Per-pixel confidence arbitration prevents mutual drift: the student with a clearer signal tutors the other, pixel by pixel.
Consistency losses tame each student’s internal noise across augmentations, providing steady self-supervision.
Stability loss links the two students: when both are confident, they must agree—this couples their strengths while damping weaknesses.

Building Blocks (as mini-concepts using the sandwich pattern):

🍞 Hook: Imagine labeling stickers with words like “road” and “tree” to guide your coloring. 🥬 Concept: Explicit semantic guidance (CLIP text embeddings).

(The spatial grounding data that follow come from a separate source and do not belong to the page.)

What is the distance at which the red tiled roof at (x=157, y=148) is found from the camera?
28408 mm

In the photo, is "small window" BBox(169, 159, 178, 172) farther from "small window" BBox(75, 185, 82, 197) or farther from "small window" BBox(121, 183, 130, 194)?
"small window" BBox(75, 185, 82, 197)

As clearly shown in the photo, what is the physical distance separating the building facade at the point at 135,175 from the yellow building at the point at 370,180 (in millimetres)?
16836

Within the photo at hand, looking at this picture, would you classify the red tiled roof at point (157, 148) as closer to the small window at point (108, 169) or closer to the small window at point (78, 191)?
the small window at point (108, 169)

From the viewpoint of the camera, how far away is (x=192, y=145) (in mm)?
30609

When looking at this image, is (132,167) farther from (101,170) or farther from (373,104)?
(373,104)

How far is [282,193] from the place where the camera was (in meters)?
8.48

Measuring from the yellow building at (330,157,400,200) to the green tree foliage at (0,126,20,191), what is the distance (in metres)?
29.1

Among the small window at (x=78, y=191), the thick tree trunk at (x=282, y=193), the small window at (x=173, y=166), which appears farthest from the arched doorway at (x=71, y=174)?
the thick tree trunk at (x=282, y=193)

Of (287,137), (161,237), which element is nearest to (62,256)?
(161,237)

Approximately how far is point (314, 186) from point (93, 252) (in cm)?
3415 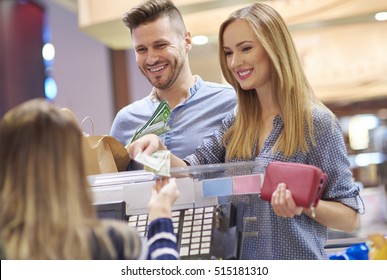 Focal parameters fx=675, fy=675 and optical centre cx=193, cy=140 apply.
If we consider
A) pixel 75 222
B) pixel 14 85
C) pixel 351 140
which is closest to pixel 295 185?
pixel 75 222

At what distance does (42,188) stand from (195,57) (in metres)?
2.52

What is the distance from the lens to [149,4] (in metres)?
2.09

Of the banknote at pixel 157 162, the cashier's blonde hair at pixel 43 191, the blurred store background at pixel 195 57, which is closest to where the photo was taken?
the cashier's blonde hair at pixel 43 191

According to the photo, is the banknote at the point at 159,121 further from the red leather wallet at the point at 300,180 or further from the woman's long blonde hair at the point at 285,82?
the red leather wallet at the point at 300,180

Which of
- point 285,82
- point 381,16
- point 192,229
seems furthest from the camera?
point 381,16

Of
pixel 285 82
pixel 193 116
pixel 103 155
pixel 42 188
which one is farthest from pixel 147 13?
pixel 42 188

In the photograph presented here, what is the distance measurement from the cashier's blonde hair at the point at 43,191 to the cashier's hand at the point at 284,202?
1.31ft

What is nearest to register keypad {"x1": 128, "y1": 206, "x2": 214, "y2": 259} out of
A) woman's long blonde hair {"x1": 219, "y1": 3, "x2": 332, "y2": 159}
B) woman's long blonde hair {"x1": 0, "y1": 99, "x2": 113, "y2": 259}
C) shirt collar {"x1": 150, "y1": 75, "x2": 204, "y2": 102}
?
woman's long blonde hair {"x1": 219, "y1": 3, "x2": 332, "y2": 159}

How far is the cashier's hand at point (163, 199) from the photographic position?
1.38 meters

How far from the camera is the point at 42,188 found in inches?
47.8

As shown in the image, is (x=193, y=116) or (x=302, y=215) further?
(x=193, y=116)

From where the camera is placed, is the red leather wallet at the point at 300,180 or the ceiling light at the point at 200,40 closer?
the red leather wallet at the point at 300,180

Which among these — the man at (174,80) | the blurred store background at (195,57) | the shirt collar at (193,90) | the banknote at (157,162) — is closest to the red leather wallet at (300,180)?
the banknote at (157,162)

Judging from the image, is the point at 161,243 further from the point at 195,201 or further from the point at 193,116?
the point at 193,116
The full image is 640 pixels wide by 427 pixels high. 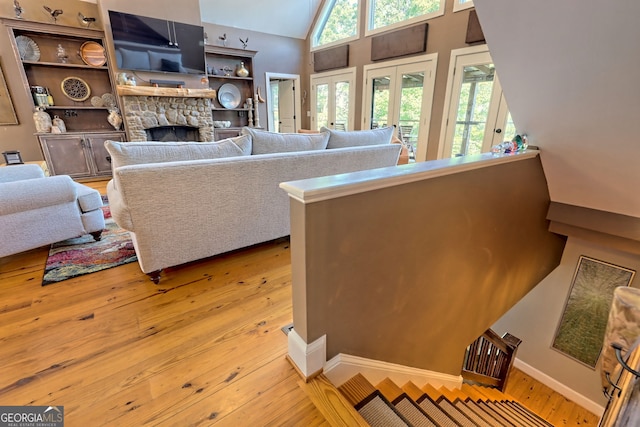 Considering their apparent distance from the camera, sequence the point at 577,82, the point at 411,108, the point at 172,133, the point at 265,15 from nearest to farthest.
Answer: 1. the point at 577,82
2. the point at 411,108
3. the point at 172,133
4. the point at 265,15

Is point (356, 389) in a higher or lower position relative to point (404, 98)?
lower

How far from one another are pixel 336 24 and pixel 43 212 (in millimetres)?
5998

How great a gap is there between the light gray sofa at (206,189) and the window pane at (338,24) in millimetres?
4431

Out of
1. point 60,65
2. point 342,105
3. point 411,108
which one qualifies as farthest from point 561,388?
point 60,65

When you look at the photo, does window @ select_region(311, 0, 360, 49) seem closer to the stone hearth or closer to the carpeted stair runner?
the stone hearth

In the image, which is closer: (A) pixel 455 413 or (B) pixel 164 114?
(A) pixel 455 413

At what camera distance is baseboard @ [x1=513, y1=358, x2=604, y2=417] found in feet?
10.7

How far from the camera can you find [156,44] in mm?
4508

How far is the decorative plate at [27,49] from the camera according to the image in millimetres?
3924

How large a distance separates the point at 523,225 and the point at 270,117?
18.4 ft

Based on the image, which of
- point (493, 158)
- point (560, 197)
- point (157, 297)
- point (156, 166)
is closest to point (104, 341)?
point (157, 297)

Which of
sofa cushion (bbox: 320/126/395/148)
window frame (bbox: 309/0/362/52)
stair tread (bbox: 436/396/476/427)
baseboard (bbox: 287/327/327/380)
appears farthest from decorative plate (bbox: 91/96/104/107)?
stair tread (bbox: 436/396/476/427)

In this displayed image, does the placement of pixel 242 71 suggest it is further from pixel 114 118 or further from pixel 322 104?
pixel 114 118

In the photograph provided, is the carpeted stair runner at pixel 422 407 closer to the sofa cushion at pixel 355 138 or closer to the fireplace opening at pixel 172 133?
the sofa cushion at pixel 355 138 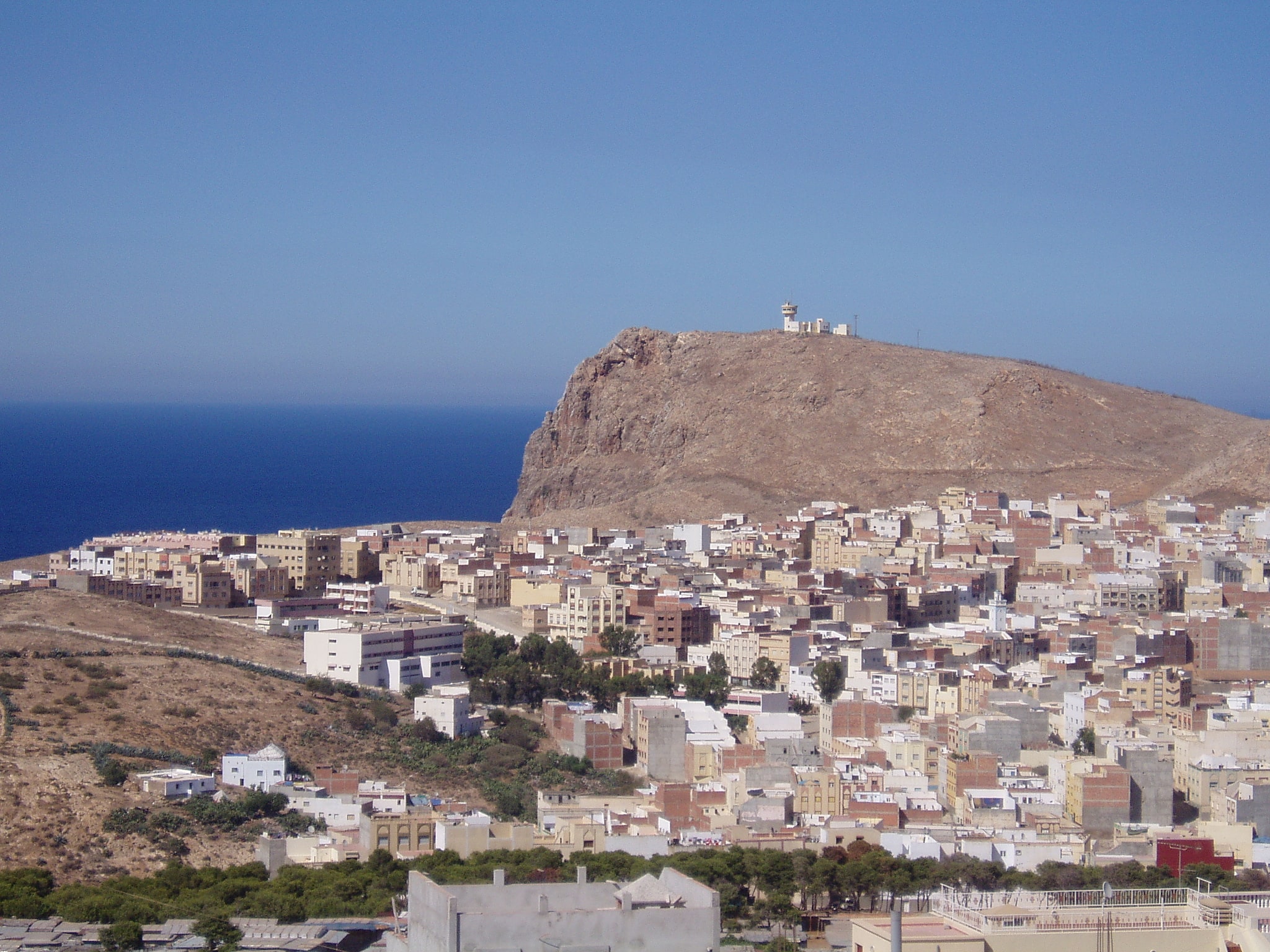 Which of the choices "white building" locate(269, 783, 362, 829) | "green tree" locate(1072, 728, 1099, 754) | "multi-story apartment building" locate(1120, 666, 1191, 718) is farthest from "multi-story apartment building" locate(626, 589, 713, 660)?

What: Fixed class embeddings from a text encoder act like semantic anchors.
How: Write class prompts (e.g., “a photo of a highway”), encode them, average concepts per class, then match pixels to class vectors.
Why: Without anchors, the model can drift and mix up lookalike classes. 🍞 Anchor: The word “water” helps the model prefer rivers and lakes over shiny rooftops.

🍞 Hook: Think of a set of blank, tunable magnets that learn what each class ‘feels’ like from the data. 🥬 Concept: Implicit semantic guidance (learnable queries).

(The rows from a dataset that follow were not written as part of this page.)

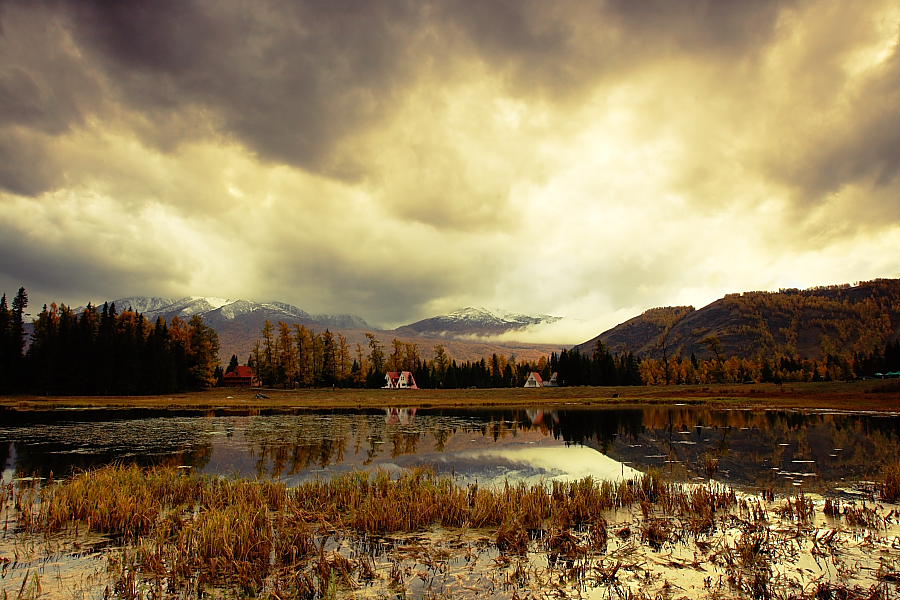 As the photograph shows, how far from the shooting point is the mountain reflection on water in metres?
22.4

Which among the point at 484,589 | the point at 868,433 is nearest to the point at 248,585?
the point at 484,589

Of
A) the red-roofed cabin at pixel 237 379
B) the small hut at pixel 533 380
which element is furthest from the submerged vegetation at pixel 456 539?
the red-roofed cabin at pixel 237 379

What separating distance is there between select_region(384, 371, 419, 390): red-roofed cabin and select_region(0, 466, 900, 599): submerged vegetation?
114 m

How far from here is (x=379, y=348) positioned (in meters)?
148

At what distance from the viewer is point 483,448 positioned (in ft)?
102

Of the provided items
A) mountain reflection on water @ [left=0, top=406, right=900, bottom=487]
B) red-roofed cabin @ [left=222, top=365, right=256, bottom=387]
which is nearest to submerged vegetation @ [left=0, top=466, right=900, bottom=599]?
mountain reflection on water @ [left=0, top=406, right=900, bottom=487]

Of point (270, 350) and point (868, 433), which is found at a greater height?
point (270, 350)

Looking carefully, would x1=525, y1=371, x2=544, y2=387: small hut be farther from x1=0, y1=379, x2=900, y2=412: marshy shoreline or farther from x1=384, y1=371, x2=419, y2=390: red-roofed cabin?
x1=0, y1=379, x2=900, y2=412: marshy shoreline

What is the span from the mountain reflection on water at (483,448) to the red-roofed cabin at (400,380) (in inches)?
3257

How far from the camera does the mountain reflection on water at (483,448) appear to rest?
73.6ft

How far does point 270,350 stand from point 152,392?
31.2 meters

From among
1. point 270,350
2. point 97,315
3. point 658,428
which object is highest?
point 97,315

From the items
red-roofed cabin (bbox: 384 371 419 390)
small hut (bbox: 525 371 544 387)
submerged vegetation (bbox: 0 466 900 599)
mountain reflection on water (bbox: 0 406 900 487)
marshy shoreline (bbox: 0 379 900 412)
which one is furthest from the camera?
small hut (bbox: 525 371 544 387)

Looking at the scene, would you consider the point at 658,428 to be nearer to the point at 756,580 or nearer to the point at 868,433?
the point at 868,433
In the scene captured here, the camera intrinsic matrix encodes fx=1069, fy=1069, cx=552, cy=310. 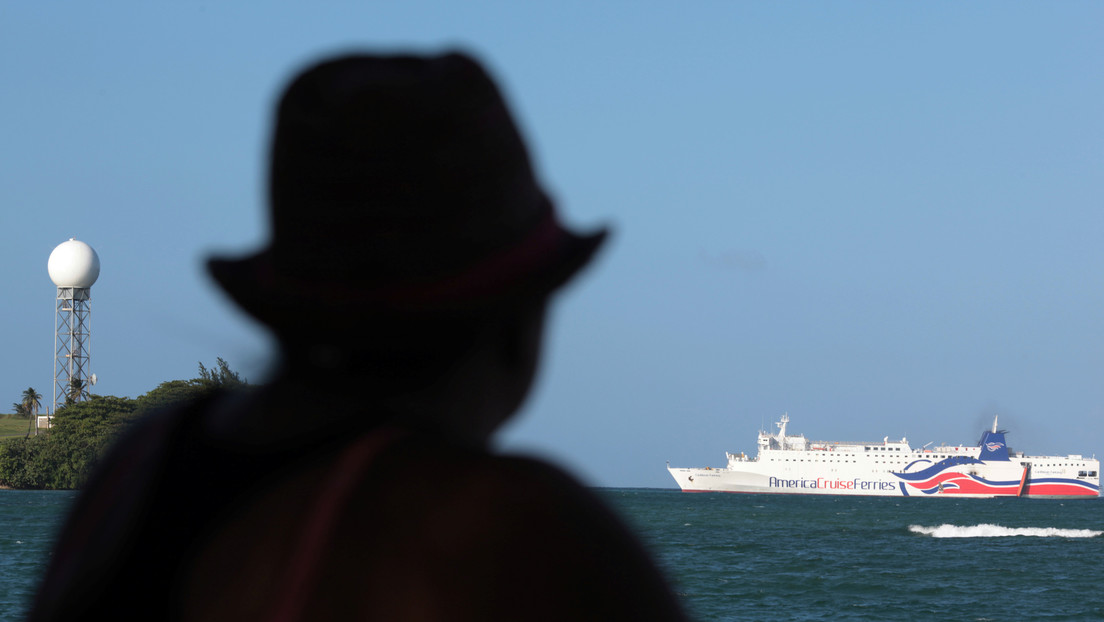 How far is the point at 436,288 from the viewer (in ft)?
2.73

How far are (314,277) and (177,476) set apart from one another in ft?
0.65

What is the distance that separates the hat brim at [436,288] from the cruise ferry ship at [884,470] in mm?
91222

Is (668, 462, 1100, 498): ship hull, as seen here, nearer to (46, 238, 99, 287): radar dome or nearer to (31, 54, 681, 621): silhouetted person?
(46, 238, 99, 287): radar dome

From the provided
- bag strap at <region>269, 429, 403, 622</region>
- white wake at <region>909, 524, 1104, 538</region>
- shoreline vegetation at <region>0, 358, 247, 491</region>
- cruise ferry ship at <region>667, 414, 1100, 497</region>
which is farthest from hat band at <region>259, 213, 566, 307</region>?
cruise ferry ship at <region>667, 414, 1100, 497</region>

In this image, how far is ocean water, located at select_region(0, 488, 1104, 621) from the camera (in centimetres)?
2264

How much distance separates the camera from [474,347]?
2.85 ft

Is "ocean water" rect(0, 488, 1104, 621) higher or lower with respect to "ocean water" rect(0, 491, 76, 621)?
lower

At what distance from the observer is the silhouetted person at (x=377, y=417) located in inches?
28.5

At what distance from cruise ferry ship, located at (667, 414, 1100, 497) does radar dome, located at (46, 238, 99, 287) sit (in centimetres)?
5312

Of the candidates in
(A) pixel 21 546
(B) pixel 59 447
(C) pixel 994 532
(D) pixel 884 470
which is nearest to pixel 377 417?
(A) pixel 21 546

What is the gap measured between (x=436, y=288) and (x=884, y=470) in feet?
308

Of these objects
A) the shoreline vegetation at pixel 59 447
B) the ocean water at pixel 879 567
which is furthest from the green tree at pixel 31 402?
the ocean water at pixel 879 567

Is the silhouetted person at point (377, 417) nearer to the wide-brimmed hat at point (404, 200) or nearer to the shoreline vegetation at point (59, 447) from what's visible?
the wide-brimmed hat at point (404, 200)

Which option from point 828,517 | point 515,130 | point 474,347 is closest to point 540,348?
point 474,347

What: Trainable vectors (one per class) that adapt to the dataset’s visual statistics.
How: Start randomly, update during training to align with class-specific patterns.
Why: Without adaptive queries, you miss dataset-specific textures (e.g., local road materials). 🍞 Anchor: The “building” query learns the signature of rooftops in that city’s imagery.

🍞 Hook: Picture a referee who chooses which friend’s answer to trust for each quiz question. 🥬 Concept: Global-local collaborative fusion with confidence.

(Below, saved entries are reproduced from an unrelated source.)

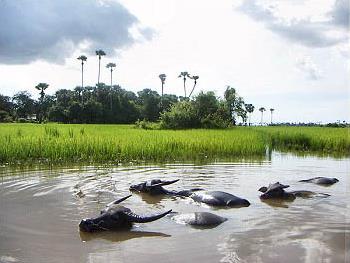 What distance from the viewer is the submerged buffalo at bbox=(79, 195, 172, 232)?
5391 millimetres

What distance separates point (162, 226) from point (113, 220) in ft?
2.02

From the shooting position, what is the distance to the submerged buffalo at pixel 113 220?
17.7ft

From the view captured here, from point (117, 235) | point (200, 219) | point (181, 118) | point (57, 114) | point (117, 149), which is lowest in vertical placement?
point (117, 235)

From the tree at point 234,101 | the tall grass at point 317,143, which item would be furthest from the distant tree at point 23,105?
the tall grass at point 317,143

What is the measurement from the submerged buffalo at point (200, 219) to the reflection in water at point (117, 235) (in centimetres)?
55

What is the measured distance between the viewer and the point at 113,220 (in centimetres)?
554

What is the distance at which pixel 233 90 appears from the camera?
52.7 metres

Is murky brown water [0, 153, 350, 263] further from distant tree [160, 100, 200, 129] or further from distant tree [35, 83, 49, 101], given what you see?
distant tree [35, 83, 49, 101]

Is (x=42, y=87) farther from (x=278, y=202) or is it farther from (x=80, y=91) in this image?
(x=278, y=202)

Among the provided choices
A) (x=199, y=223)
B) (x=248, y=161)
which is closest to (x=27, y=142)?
(x=248, y=161)

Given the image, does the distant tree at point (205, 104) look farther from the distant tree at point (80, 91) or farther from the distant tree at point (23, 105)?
the distant tree at point (23, 105)

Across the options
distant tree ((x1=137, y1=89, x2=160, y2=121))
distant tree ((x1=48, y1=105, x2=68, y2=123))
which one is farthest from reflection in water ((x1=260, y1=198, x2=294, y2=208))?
distant tree ((x1=137, y1=89, x2=160, y2=121))

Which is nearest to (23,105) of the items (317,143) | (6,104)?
(6,104)

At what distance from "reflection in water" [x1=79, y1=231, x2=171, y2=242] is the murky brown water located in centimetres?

What: A per-pixel rule that follows the more confident student.
How: Compute each student’s class probabilities; if one is more certain (above a threshold), use it to teach the other.
Why: Without arbitration, both students could reinforce each other’s mistakes. 🍞 Anchor: For a fuzzy river edge, DINOv3’s sharpness might win; for choosing “river” vs. “road,” CLIP’s semantics might lead.

🍞 Hook: It’s like checking your answer on the same problem after changing the font and colors—the meaning should stay the same. 🥬 Concept: Consistency regularization.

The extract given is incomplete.